In Fig. 2, we juxtaposed the performance metrics obtained using K-means SMOTE against those obtained without oversampling across various machine learning models. In Fig. 2, the blue bars represent the F1 score achieved with K-means SMOTE (oversampling), while the orange bars represent the F1 score without oversampling. Notably, when comparing the performance in the test dataset using the F1 score metric, the oversampling dataset generated with K-means SMOTE consistently yielded superior results compared to the without oversampling approach. For instance, in the case of the AdaBoost model, K-means SMOTE resulted in an F1 score of 0.412 for the technique without oversampling, whereas it achieved an F1 score of 0.445 for K-means SMOTE. Similarly, in the XGBoost model, the F1 score improved from 0.447 without oversampling to 0.842 with K-means SMOTE. This trend persisted across various other models such as LightGBM, CatBoost, RF, MLP, LSTM, and a dynamic ensemble, where K-means SMOTE consistently demonstrated superior performance in terms of the F1 score compared to the technique without oversampling. These results underscore the effectiveness of K-means SMOTE in enhancing the predictive performance of ML models for soil movement prediction tasks.

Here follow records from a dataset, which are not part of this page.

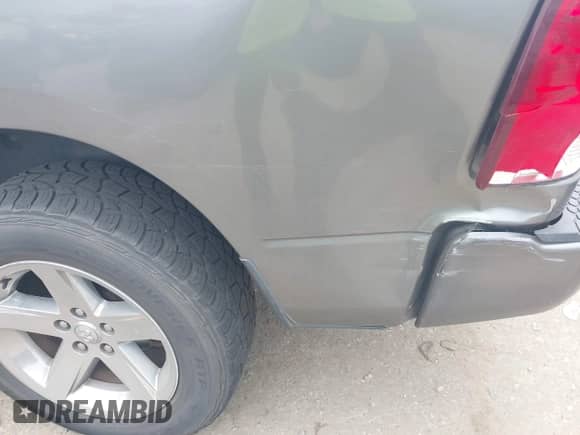 2012 Ram 1500 Express с VIN 3C6JD6AT3CG261294, выставлен на аукционе IAAI как лот 42761298 с пробегом 117 477 миль миль и . История ставок и продаж доступна на DreamBid. Изображение 6.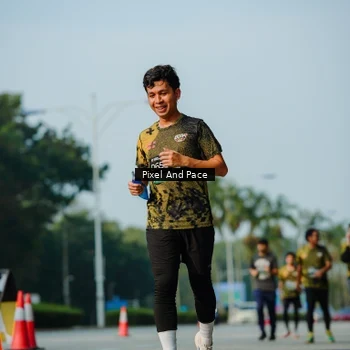 Runner Photo 6913875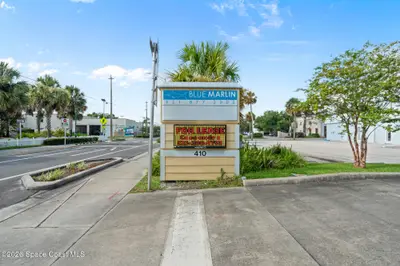 410 S Hopkins Avenue 101, Titusville, Fl 32796, FL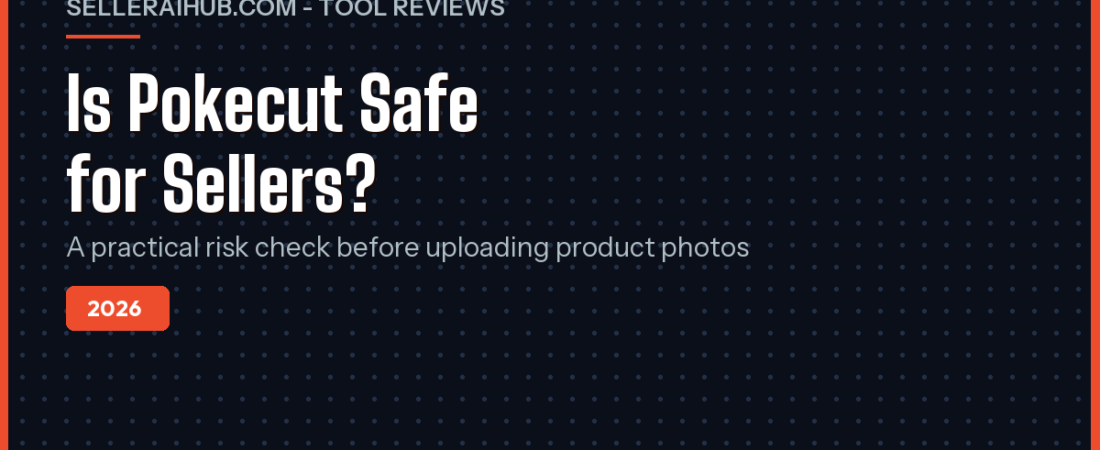Is Pokecut Safe? 2026 Review for Shopee Sellers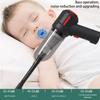 Cordless Mini Cleaner Portable Wireless Car Vacuum Cleaner Handheld Powerful Vacuum Cleaner For Car Home Appliance USB 7.9 inch x5.9 inches
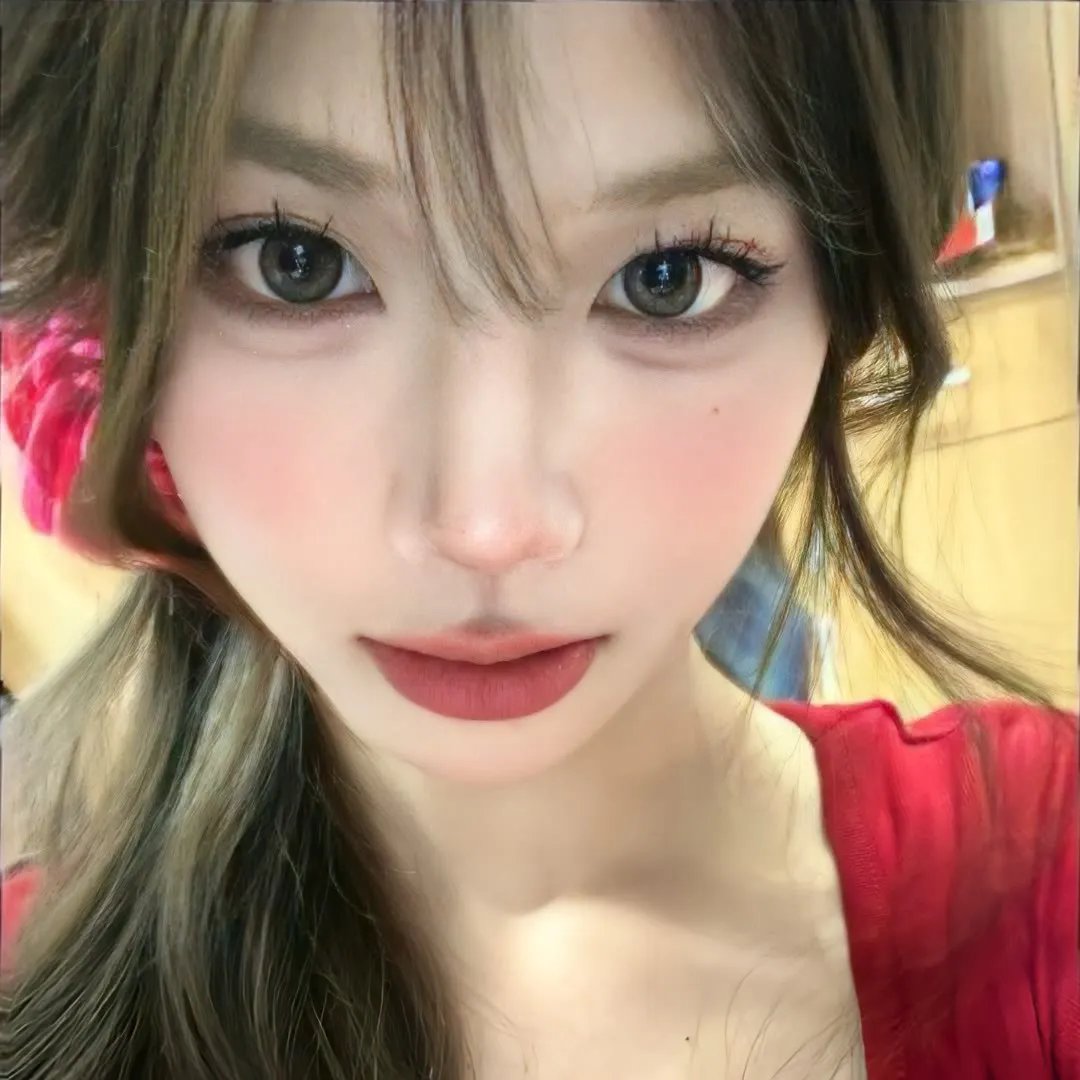 蓝精灵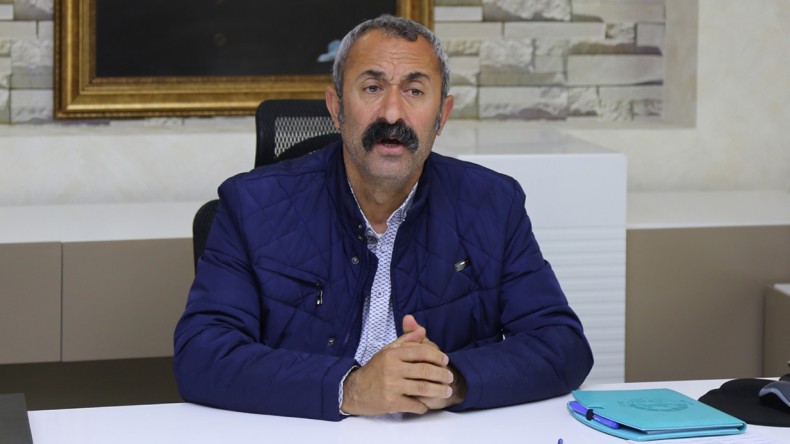 ’Komünist başkan’, 67 milyon borçla aldığı belediyeyi 230 milyon borçla devretti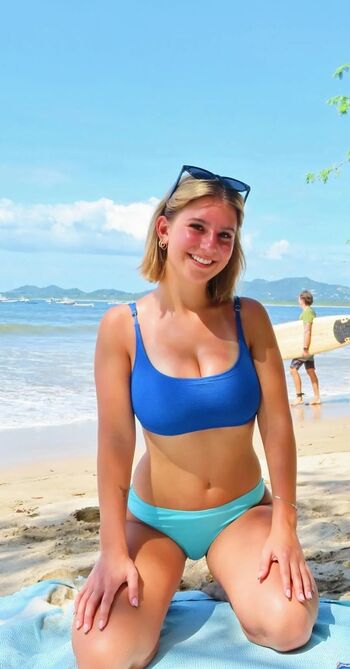 Paige Verity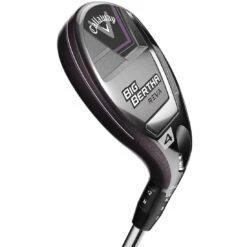 Callaway Women's Big Bertha REVA Combo Irons 12 Callaway Women's Big Bertha REVA Combo Irons -Callaway Store callaway 2023 womens big bertha reva hybrid sole itempicture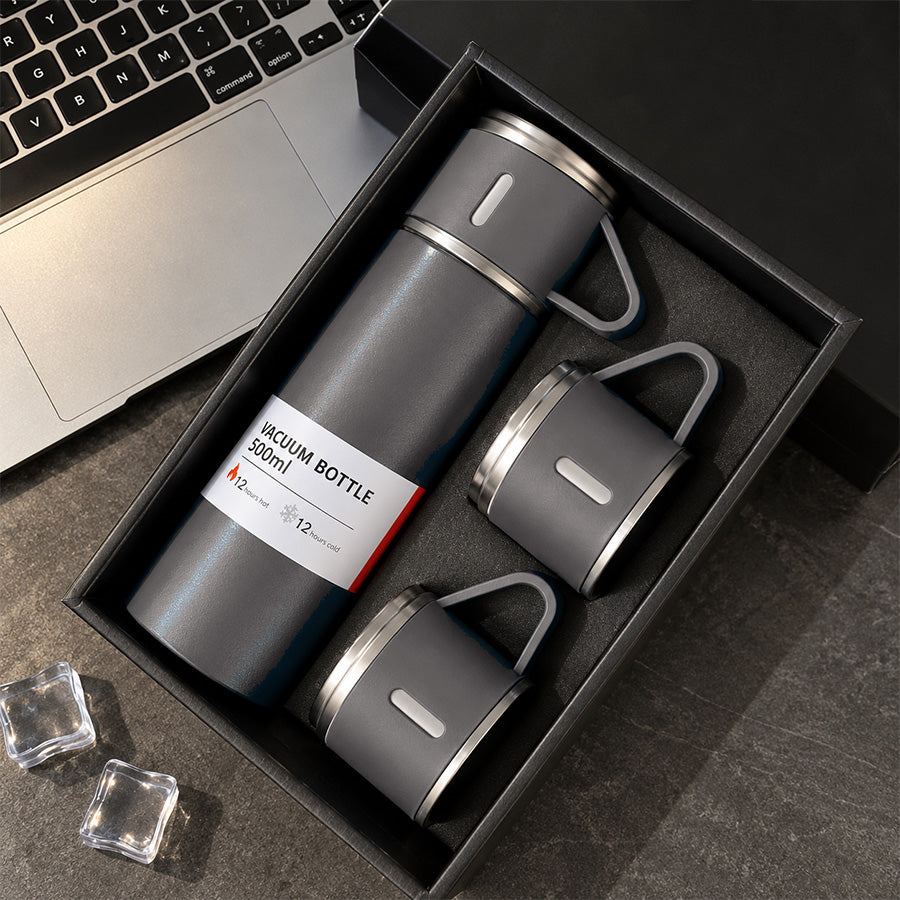 Goodinary® Coffee Thermos Bottle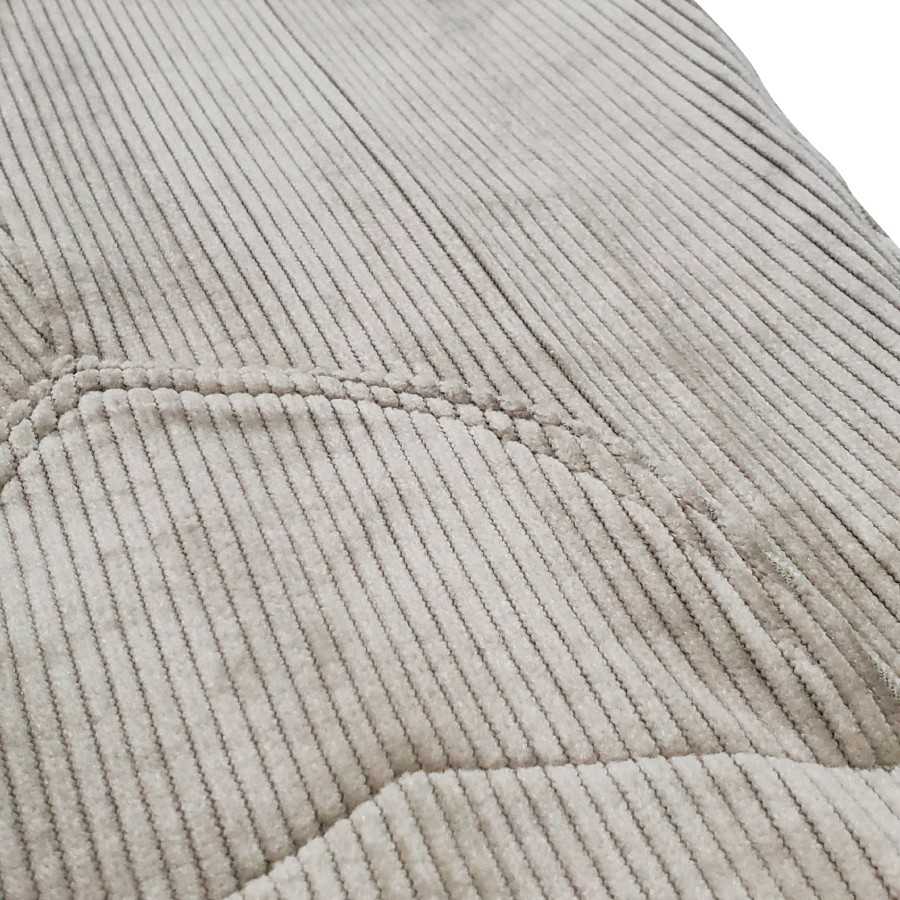 Pantalón De Pana Con Bolsillos De Hombre - Imagen 4
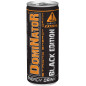 OLIMP DOMINATOR CZARNY 250 ml OLIMP DOMINATOR CZARNY 250 ml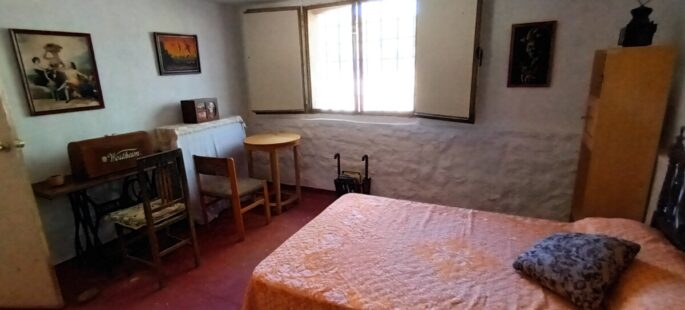 Finca a 18 km de Soria, de 7.300 metros y mucho más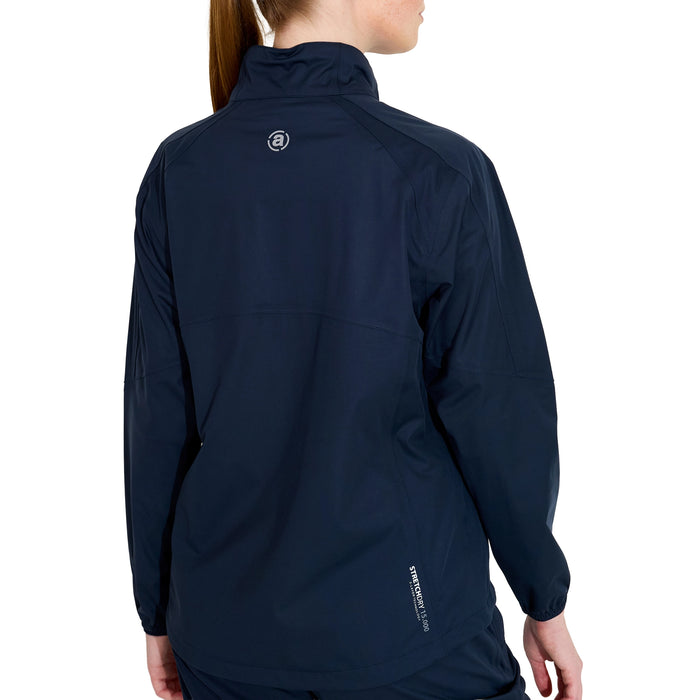 Abacus Ladies 2026 Bounce Waterproof Rain Jacket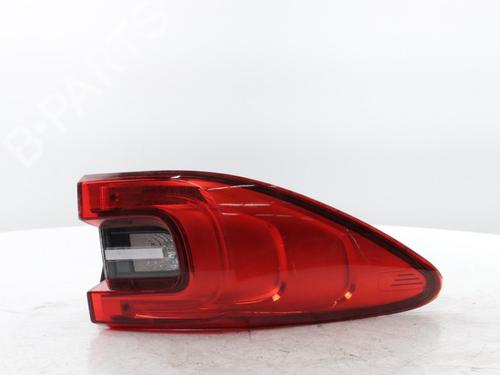 Rückleuchte Links für RENAULT KADJAR (HA_, HL_) 1.3 TCe 140 (HLNB, HLN1) (140 hp) 32124511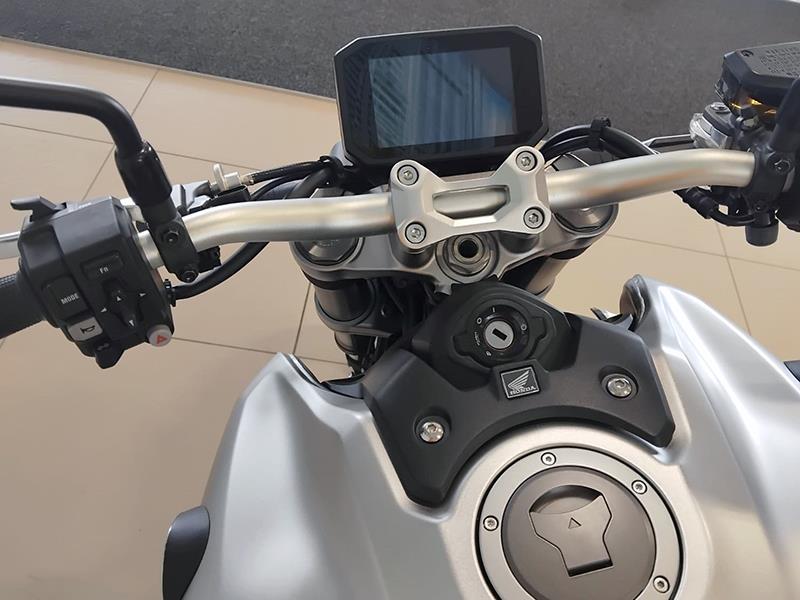 Honda CB 1000 R Neo Cafè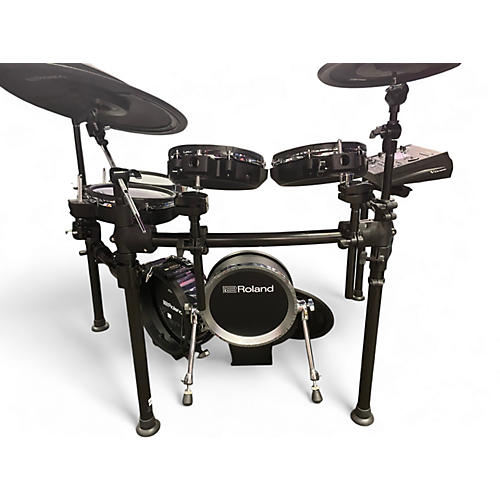 Used Roland TD713 Electric Drum Set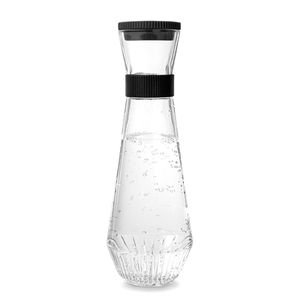 caraffa in vetro / contract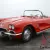 1962 Chevrolet Corvette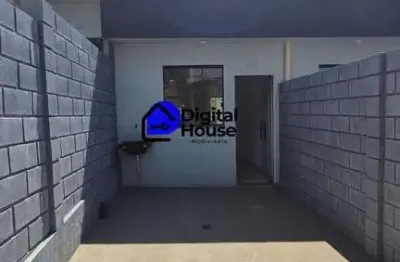 Casa com 1 quarto à venda no Cruzeiro, Ibirité 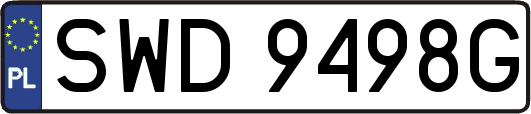 SWD9498G
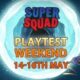 Grab a free Super Squad key for this weekend’s closed beta test event [ENDED]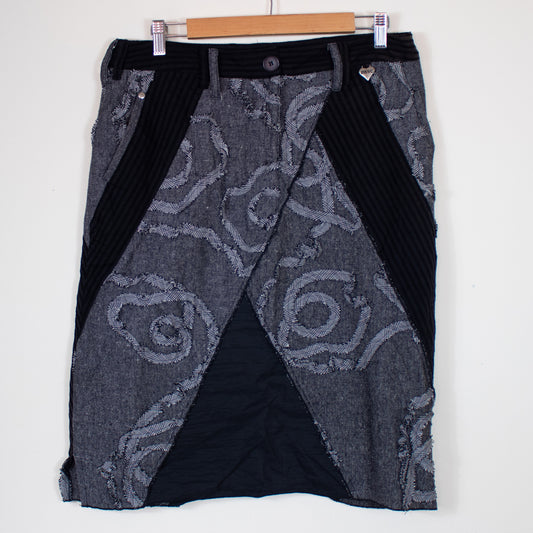 mescaline skirt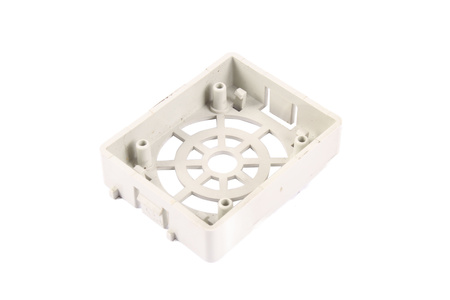 SV015IG5A-4 LS INDUSTRIAL SYSTEMS CUBIERTA DEL VENTILADOR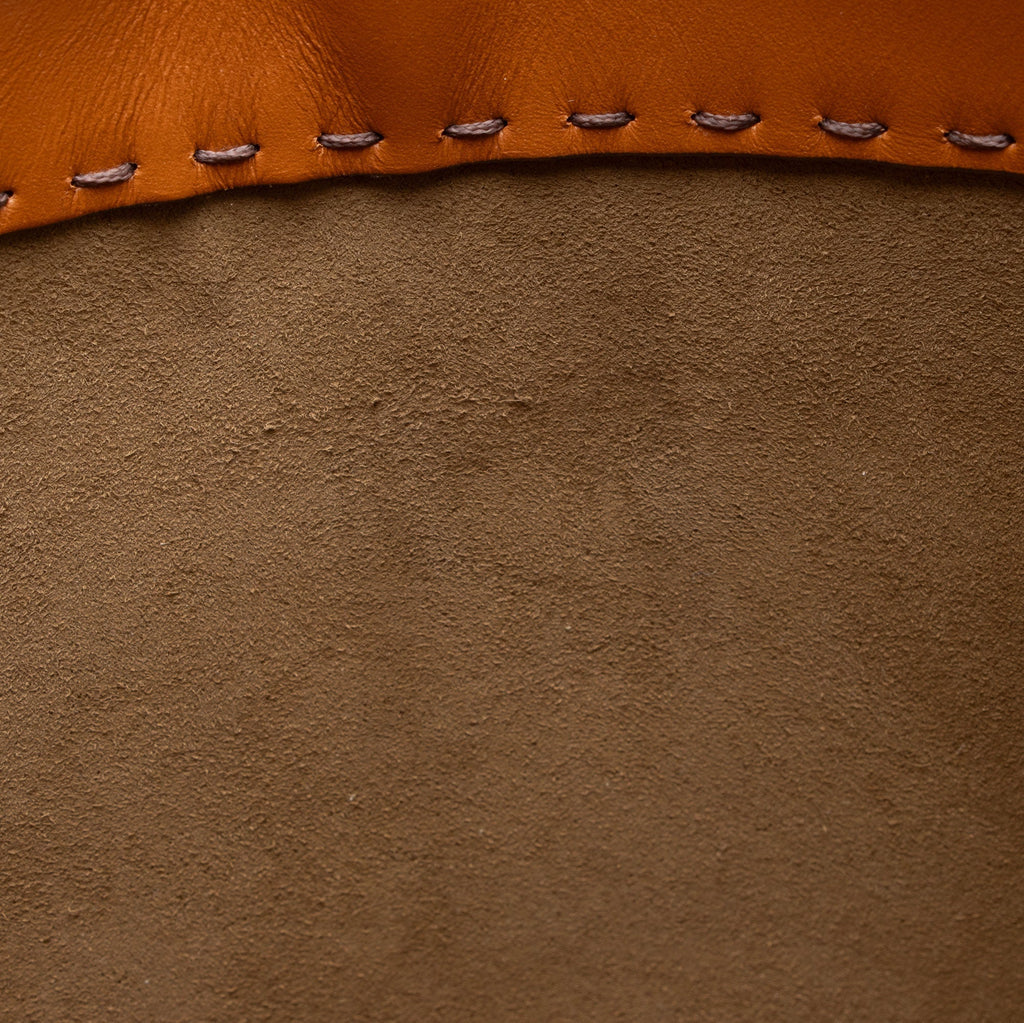 Fendi Leather Sunshine Medium Shopper Tote (SHF-HXrlOm)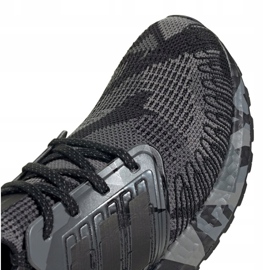 Zapatillas de running adidas UltraBoost 20 M FV8329 negro 2 Zapatillas de running adidas UltraBoost 20 M FV8329 negro 2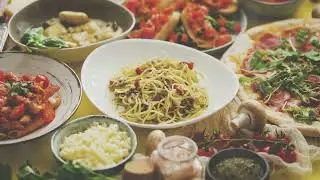 January 2 BUFFET DAY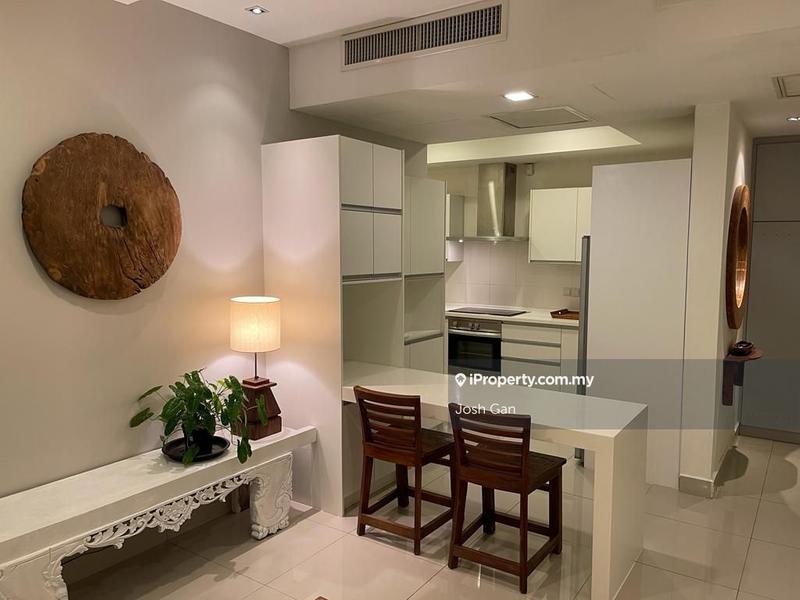 For Rent - Solaris Dutamas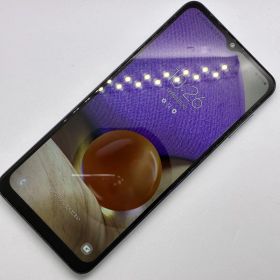 5605 Galaxy A32 SIMフリー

Figure 3 illustrates the confusion matrix, depicting the performance of the dynamic ensemble model in both the training and testing datasets, utilizing the K-means SMOTE oversampling technique. The confusion matrix provides a comprehensive overview of the model's classification accuracy by presenting the true and predicted labels across different classes. The dynamic ensemble model demonstrates robust performance in the training dataset, as evidenced by the high counts along the diagonal, indicating a substantial number of correct predictions across all classes. Similarly, in the testing dataset, the model maintains its efficacy, with the majority of samples correctly classified across various classes.
In summary, the threat posed by landslides requires the development of effective prediction frameworks, although modeling the chaotic nature of natural data remains challenging. The analyzed dataset exhibited a significant class imbalance, with the majority class dominating the samples. This distribution imbalance necessitated careful consideration and appropriate techniques to address the issue.
Various oversampling techniques were employed to tackle the class imbalance, including SMOTE and its extensions (K-means SMOTE, borderline-SMOTE, and ADASYN). ADASYN, which focuses on the minority-class boundary, effectively generated synthetic data points and improved the class distribution balance.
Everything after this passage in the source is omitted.